COLUMNS

The Tsunami, One Year Later

Meet the man who s rebuilding a country.

November/December 2005

Reading time min

The Tsunami, One Year Later

Ken Del Rossi

Oh, yes, the tsunami. How soon we forget.

Almost a year has passed since the event last winter that staggered our imagination—300,000 people dead and more than a million homeless. Then and now those numbers defy understanding.

Recovery efforts in Indonesia and other areas hit by the killer wave have gone on virtually unnoticed by the rest of the world; most of the media left a couple of months after the disaster. And when Hurricane Katrina devastated New Orleans and the Gulf Coast in August, the tsunami receded a little further from memory.

So when I read Joel McCormick’s story about Kuntoro Mangkusubroto, the Stanford-trained engineer who spearheads rebuilding in northern Sumatra, the region’s hardest hit area, I was reminded of the scope of the disaster and its enormous human costs. I also learned what a formidable task it is to put a country back together.

Most of the people who lived on or near the coast in the northeastern reaches of the Indonesian archipelago lost at least one member of their family. Many lost their whole family. They lost their house, their livelihood and everything they had ever owned. Unlike a “typical” flood, the tsunami struck with such ferocity and suddenness that survivors had no time to save anything except their lives.

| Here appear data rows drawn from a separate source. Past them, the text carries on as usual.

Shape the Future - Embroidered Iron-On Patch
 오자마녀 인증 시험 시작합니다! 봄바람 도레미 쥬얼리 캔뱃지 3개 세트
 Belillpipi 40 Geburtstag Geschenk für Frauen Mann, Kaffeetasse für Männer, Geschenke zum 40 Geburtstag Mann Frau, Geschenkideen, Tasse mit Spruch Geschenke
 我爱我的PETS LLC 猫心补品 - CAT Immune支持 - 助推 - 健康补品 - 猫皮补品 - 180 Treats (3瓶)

For the past several months, most of these people have lived in tents. They may have wanted to go back to where their house had been and rebuild, but they had no documents to demonstrate where their property lay, or that they had even owned the property. And neither did any of their neighbors.

When the Indonesian government established an agency to oversee the process of repairing what the tsunami had destroyed, one house and one neighborhood at a time, it needed a person with the humility to listen to people’s stories, to know their needs before acting, and with the confidence and skill to make something happen. It required somebody who could organize and mobilize not just his own agency but also dozens of international relief groups already in his country; who could coordinate the disburse­ment of billions of dollars in aid; who could walk into village after devastated village and meet people who had lost mothers and fathers and sons and daughters and houses and everything else, and who had been living in a tent for six months, and work out a plan to give them back a life.

The government found that person in Kuntoro; his deft handling of the recovery has won praise from everybody from the U.S. deputy secretary of state to local villagers in Aceh province.

The fact that Kuntoro earned a degree at Stanford is a footnote in a story of such profound human suffering. However, it strikes me as emblematic of one of the University’s greatest exports: its international alumni. Kuntoro is representative of the thousands of students over the years who have come to Stanford from distant shores, learned what they needed to make a difference, and gone back home to do it.

Those are stories I never get tired of hearing about.